I am working on a 3D viewer with WebGL, and want to optimize the particle emitters that it supports.

The information for each particle is its rectangle in world space, texture coordinates, and a color, all of which can change over time.

At first I did it the simple way, with a big buffer where each vertex had all the above information, for a total of 54 floats per particle (2 triangles, 6 vertices, 9 floats per vertex: [X, Y, Z] [U, V] [R, G, B, A]).

Note that the vertex positions here are already in world space and form a rectangle.

This works fine, but is a bit on the slow side on the CPU, simply because updating the buffer each frame takes a lot of work.

So the next stage was to make pseudo instancing.

WebGL doesn't support anything beside 2D textures, so I have to use that for arbitrary storage.

The idea is, then, to make a 2D texture that can hold all the data for each particle (so now only 9 floats are needed for the per-particle data), and for the vertex attributes use just the instance ID, and vertex ID.

For example, the first particle is [0, 0, 0, 1, 0, 2, 0, 0, 0, 2, 0, 3], where each pair is the instance and vertex IDs.

Instead of sending the world positions that already form a rectangle, I just send the center, and size of each particle.
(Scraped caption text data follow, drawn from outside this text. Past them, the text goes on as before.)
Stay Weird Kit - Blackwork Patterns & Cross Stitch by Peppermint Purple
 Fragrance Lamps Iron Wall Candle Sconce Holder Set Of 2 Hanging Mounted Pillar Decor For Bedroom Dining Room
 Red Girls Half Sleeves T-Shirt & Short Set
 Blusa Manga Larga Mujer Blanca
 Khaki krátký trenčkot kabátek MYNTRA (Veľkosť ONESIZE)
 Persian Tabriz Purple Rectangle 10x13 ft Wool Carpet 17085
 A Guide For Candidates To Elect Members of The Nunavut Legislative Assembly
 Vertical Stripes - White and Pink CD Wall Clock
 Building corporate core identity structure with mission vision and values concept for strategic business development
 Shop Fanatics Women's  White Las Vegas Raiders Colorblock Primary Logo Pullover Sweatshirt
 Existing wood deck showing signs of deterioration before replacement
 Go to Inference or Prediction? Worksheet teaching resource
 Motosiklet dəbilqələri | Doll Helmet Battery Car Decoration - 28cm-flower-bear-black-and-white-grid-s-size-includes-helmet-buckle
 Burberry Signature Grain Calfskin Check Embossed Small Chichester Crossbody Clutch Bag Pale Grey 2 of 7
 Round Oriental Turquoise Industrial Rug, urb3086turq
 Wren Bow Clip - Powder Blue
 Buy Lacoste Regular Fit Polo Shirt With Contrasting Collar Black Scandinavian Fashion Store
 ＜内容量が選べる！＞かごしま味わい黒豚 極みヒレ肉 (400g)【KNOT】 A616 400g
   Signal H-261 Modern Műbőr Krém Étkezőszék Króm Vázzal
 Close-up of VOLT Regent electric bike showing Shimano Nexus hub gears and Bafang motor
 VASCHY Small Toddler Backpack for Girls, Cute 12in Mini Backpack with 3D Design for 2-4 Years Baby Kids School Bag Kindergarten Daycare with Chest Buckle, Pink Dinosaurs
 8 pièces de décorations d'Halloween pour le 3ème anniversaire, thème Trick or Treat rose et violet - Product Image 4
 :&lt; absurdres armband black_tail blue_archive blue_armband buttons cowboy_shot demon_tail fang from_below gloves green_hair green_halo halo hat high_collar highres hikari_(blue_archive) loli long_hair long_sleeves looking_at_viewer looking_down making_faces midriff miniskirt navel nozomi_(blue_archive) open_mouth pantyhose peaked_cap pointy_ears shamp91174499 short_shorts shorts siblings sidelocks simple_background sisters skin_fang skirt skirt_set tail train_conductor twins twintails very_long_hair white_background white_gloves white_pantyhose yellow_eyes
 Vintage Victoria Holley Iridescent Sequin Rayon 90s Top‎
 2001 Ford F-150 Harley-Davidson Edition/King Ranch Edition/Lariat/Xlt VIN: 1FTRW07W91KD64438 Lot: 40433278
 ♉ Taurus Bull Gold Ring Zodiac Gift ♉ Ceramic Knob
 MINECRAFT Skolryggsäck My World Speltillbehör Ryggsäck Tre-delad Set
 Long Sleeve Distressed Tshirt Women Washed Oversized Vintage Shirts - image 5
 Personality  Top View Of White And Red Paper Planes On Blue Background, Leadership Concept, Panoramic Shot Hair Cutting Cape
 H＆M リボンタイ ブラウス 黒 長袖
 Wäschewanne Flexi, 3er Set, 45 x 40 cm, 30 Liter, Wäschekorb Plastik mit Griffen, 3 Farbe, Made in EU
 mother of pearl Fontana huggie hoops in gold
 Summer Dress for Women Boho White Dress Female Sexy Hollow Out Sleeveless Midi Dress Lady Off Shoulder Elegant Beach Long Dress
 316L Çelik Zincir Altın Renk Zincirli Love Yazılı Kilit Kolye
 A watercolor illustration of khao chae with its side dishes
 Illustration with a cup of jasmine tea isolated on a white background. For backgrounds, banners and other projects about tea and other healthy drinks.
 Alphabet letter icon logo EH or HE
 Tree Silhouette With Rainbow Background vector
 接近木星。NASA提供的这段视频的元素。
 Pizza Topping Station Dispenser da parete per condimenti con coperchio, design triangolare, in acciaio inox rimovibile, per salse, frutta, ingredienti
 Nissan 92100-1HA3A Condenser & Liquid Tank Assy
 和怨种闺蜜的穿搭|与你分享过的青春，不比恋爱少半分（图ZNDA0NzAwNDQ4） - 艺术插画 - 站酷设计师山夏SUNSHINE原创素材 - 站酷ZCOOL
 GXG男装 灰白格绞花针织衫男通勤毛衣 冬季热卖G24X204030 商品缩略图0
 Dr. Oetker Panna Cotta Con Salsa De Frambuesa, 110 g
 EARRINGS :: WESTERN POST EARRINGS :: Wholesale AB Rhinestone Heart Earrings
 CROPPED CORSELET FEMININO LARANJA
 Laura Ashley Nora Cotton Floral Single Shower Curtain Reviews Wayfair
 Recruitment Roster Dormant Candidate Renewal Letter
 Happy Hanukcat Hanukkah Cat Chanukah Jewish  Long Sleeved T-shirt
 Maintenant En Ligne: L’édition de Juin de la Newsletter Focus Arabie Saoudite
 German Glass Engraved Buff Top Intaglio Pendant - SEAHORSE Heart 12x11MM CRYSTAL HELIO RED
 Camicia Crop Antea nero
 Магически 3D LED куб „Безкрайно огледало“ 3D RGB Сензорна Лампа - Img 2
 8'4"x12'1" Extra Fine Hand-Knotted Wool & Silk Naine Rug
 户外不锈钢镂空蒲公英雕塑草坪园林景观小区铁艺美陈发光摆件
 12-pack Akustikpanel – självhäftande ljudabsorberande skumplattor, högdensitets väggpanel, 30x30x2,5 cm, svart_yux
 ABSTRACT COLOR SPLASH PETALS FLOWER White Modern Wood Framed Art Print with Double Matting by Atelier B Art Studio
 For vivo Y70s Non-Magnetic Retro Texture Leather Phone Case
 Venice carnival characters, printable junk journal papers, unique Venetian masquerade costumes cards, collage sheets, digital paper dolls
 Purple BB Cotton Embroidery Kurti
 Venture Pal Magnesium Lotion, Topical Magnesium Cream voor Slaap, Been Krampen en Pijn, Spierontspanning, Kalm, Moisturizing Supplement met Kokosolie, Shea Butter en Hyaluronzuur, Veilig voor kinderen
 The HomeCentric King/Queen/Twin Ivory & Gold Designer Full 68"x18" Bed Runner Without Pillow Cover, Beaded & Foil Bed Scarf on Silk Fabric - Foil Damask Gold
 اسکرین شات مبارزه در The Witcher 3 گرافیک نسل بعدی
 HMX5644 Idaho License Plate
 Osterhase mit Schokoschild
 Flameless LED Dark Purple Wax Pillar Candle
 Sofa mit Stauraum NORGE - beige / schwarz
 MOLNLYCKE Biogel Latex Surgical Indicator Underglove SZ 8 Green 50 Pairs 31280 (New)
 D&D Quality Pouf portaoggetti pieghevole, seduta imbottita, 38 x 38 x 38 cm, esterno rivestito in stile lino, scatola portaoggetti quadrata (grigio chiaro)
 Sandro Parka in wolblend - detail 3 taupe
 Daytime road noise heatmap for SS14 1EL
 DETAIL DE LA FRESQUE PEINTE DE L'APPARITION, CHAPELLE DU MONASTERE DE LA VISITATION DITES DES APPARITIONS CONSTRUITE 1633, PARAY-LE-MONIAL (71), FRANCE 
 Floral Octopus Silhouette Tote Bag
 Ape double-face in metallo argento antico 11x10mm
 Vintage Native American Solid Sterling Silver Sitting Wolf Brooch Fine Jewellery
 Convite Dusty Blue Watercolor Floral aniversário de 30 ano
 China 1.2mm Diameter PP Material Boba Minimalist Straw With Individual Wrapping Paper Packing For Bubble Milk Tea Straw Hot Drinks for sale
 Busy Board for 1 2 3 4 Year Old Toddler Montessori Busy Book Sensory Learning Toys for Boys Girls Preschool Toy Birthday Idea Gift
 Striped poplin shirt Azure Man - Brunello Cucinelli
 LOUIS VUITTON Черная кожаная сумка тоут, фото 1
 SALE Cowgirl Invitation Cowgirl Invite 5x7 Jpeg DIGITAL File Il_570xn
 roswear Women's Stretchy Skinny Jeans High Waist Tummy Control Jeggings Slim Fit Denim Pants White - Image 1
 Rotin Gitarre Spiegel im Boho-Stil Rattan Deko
A normalized rectangle is computed once and sent as a uniform, and then all the particles add it to their position scaled by their scale.

Instead of using the computed texture coordinates, I instead send an ID that says where in the texture this particle is, and the actual coordinates are computed in the shader.

So every particle has a total of 21 floats instead of 54 (for some reason I can't use non-float attributes, is this only in WebGL? it has been quite some time since I touched OpenGL), and out of those only 9 need updates every frame.

For a start, I wanted to get it done quickly and not waste too much time on further optimizations, so I just picked a square power of 2 texture size that fit my needs for a test model, which happened to be 32x32 pixels.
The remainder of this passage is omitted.